Van Rooden has run 10 marathons and is preparing for the Berlin Marathon in September. She also incorporates swimming and biking by competing in triathlons. The Midtown resident co-founded Metro Atlanta Running Club (MARC), a nonprofit that encourages runners of all abilities.

“In that club you will find a large portion that does triathlons as well, but it’s mainly people who do long distance,” she says. “They get into 50 milers.”

Van Rooden’s friend Trena Chellino is one of MARC’s long-distance runners. “Mariska is a very good runner, but I actually do crazier stuff than her,” Chellino says. “I went from doing simple runs on the trails to endurance races. I now do 5Ks and I’ve done one 100-mile run. It took me 27 hours. After 50 miles you pick up a pacer — someone to go with you. So you have a crew and all kinds of stuff. I do weights, too. I hike, bike, run and then go to the gym to work out. I’m 51. I started all this kind of late in life.”

Chellino lives in Marietta and often runs at National Recreation Area trails on the Northside, such as Cochran Shoals and Island Ford. “Then up at Roswell Mill, that’s Vickery Creek Park,” she says. “They’re all really good for hiking and for running. The interesting thing was, I joined the Atlanta Outdoor Club in 2012 to hike, but I now run, and I also bike. I got into all that through AOC, not really intending to when I started, but the more I got in shape, the more I started cross-training for things.”

Jim Haggerty has been running for 41 years and still can’t get enough of it. “I had quintuple bypass surgery in 2009 and only missed three months,” he says.

His kids were worried when he returned to running so quickly, but if anything, his determination was even greater. “I decided that was enough of doing anything halfway,” he says. He joined MARC and trains for marathons, participating in about four of them every year. “At age 60, I have become a marathoner — I couldn’t be prouder.”

Haggerty lives in Roswell and enjoys running along Azalea Drive and Willeo and Riverside roads.

His other passion is golf. “I walk 18 holes carrying a golf bag each week, too,” he says.

Just doin’ it

Metro Atlanta Runners Club. runwithmarc.com

Atlanta Outdoors Club. atlantaoutdoorclub.com


Misty Latham runs too, but more enjoys the burn of mountain biking and its terrain.

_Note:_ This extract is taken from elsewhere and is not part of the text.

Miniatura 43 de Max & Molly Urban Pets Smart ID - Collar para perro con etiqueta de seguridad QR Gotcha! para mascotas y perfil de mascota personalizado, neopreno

“Mountain biking is quick; it’s a really hard workout, shorter than road biking,” she says. “It’s just harder in general on your whole body. It’s rough, and you’re having to avoid people going in the other direction. Overall I would say it’s a great thrill.”

The East Cobb resident is the new president of Bike Roswell. They put on the Roswell Cycling Festival and the Historic Roswell Criterium, which this year falls on May 15.

Compared to road cycling, mountain biking takes some time to get used to, Latham says.

“I still wouldn’t call myself a real good mountain biker,” she says. “When it’s cold, mountain biking is a good diversion from road biking. The trees are covering you and the wind doesn’t get to you. Usually the road bikers go on mountain in bikes in the wintertime.”

Latham suggests riders visit the Southeastern Cycling website (sadlebred.com) for information on group rides. “If you want to go 3 miles and it’s a Tuesday, you can see where all the group rides are,” she says. “If it’s strenuous or easy, if it’s for everyone – [ you can] see exactly what the ride is.”

Rollin’ with it

Cycling websites

Southeastern Cycling. sadlebred.com

Bike Roswell. bikeroswell.com

Roswell-Alpharetta Mountain Bike Association, which maintains Big Creek Park. rambo-mtb.org

Want more adventure in your life? Try zip lining at Treetop Quest in Brook Run Park in Dunwoody. It’s a self-guided obstacle course for adults and children.